To select more than one headline, on Windows, hold down the Control key and click on the headlines you want to select. On a Mac hold down the Cmd key and click.
The HTML menu has many common formatting and linking commands, so you don't have to memorize complex codes. And for the most common stylings, bold, italic, underline; and linking, it displays the markup in a visible way.
If you want to switch modes and see all the HTML tags, choose the Format Text command in the HTML menu, its keystroke is Control-` (Cmd-` on Macintosh).
The specific HTML tags that it generates are: <b>, <i>, <u>, and <a href..>.
The OPML Editor can also be used to edit any XML file in the outliner.
When you choose the Open command, and the file you're opening has a .xml suffix, it opens in an outline.

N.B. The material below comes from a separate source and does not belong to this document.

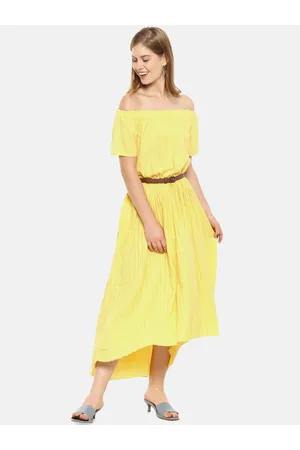 Campus Women Yellow Solid Fit and Flare Dress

One of two things happen:
1. If it's not an OPML file, you see the XML as it is stored in the file. You can edit the tags, of course. When you save, it saves as XML, it doesn't convert the outline to OPML format. Screen shot.
2. If, instead, it is an OPML file, the file opens as an outline and the tags are hidden.
On Windows and Macs with two-button mice, you can "right-click" on something by pointing at the object and clicking on the right mouse button. On one-button Macs, hold down the Control key while clicking on the object.
Right-click menus are also called "contextual menus" because what you see in them depends on what you clicked on. There are commands that only apply to songs, and those that only apply to users, and RSS feeds, and so on.
There's also a special menu where you can add your own commands that will always be there when you right click. To edit your custom right-click menu, choose Edit Right-Click Menu from the Developers sub-menu of the Tools menu.
The OPML Editor can be used to edit scripts, and if you're writing scripts you need to be able to add comments.
If you want a line and all the lines nested underneath it to be viewed as a comment, press the Shift key while you create the line. Note that instead of a wedge, the line has a chevron to its left.
Any text that's indented under one of these lines is also viewed as a comment. You can go on and on, but thankfully, readers can collapse the whole comment down to a single line. So if you're verbose, the code doesn't become less readable.
Comments play an important role in programming. They are bits of text that are meant for the programmer but are ignored when the code is compiled. Comments are also used in other ways, for example in Directories, a subordinate comment is the description of its parent.
You can also add comments at the end of a non-comment line by putting a pair of slashes before the comment. This only works for scripts, other kinds of outlines generally do not respect this convention.
Expand -- Expands the child lines one level of indent below the selected parent.
Expand All Subheads -- Fully expands all levels of the child lines of a selected parent.
Expand Everything -- Fully expands all lines in the outline window.
Collapse -- Collapses all the child lines of a selected parent.
Collapse Everything -- Collapses all of the lines to the top level parent lines of the outline hierarchy.
Collapse To Parent - Collapses all siblings of the cursor line and places the cursor on the parent.
Toggle Comment: If the cursor line is a comment, make it not a comment; if it's not a comment, make it a comment.
Move Up: Moves the selected line (and all its child lines) one line up.
Move Down: Moves the selected line (and all its child lines) one line down.
Move Right: Moves the selected line (and all its child lines) one indent to the right.
Move Left: Moves the selected line (and all its child lines) one level to the left. This may cause the line to move jump to the next available slot at the next higher level of indentation.
Hoist: Change the display to make all immediate subheads of the current heading to appear to become summits.
De-Hoist: Reverse the last Hoist command on this outline.
De-Hoist All: Reverse all Hoist commands on this outline.
Sort: All lines at the current level are sorted alphabetically.
Delete All Sub-Heads: All sub-items to the current line will be deleted. Warning: this can't be undone.